§ PROBLEM: Return the following from the records below: each line, word for word, starting with the line that contains "molecular formula C17H31BO3SSi" and going on through the line that contains "Gold Accents, PSRTBSZ-36-G", with nothing outside that range.

§ SUPPLIED MATERIAL:
□ □ □

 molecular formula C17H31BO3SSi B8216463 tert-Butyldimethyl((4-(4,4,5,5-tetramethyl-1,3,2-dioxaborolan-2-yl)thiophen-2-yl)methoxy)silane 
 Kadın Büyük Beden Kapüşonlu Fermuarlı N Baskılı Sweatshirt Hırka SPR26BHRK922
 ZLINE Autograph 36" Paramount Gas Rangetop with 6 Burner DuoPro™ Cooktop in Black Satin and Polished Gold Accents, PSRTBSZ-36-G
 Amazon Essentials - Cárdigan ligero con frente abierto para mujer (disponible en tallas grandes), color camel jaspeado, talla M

□ □ □

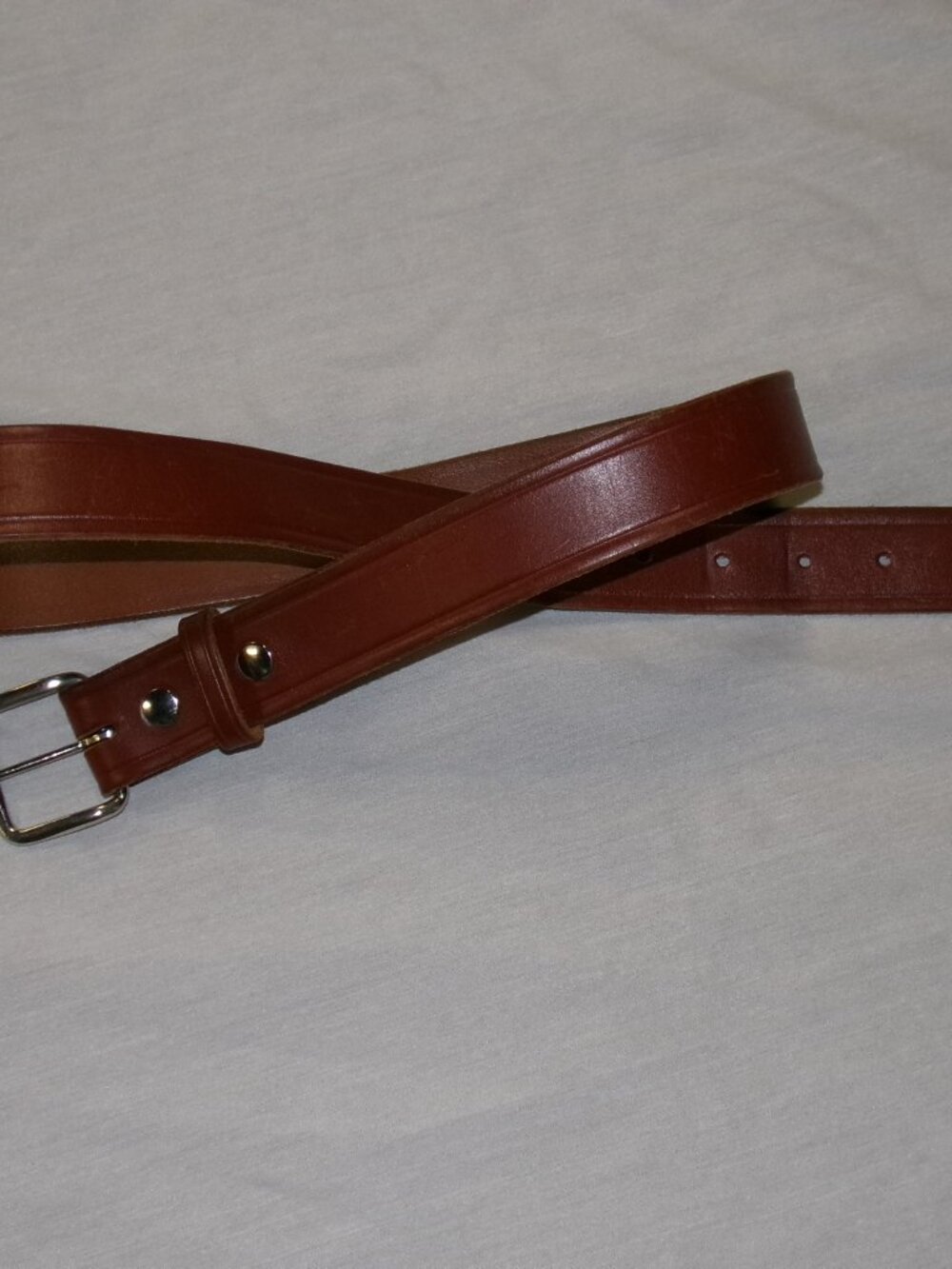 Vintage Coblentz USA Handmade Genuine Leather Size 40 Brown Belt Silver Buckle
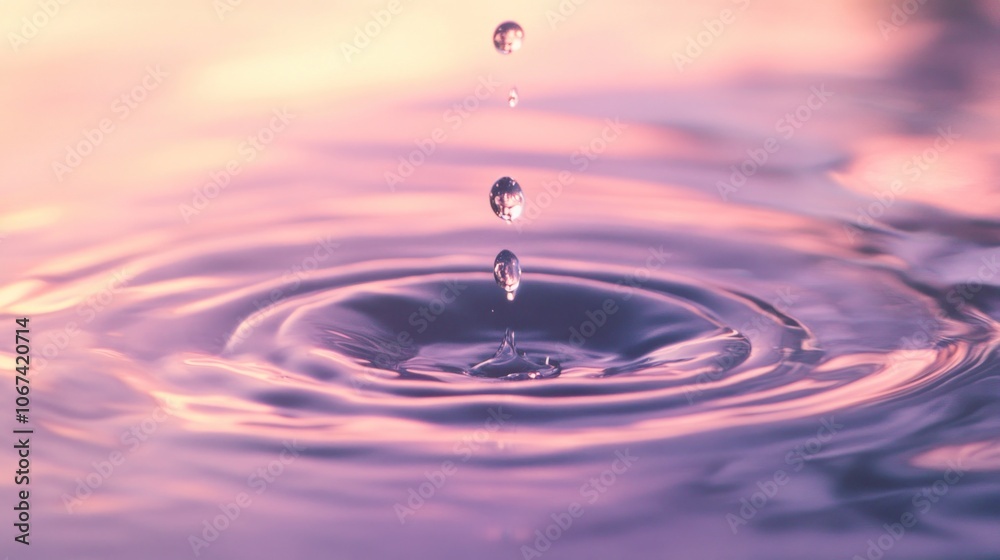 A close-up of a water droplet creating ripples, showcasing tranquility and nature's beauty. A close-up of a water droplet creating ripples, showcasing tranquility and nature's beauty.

□ □ □

§ EXERCISE OUTPUT:
 molecular formula C17H31BO3SSi B8216463 tert-Butyldimethyl((4-(4,4,5,5-tetramethyl-1,3,2-dioxaborolan-2-yl)thiophen-2-yl)methoxy)silane 
 Kadın Büyük Beden Kapüşonlu Fermuarlı N Baskılı Sweatshirt Hırka SPR26BHRK922
 ZLINE Autograph 36" Paramount Gas Rangetop with 6 Burner DuoPro™ Cooktop in Black Satin and Polished Gold Accents, PSRTBSZ-36-G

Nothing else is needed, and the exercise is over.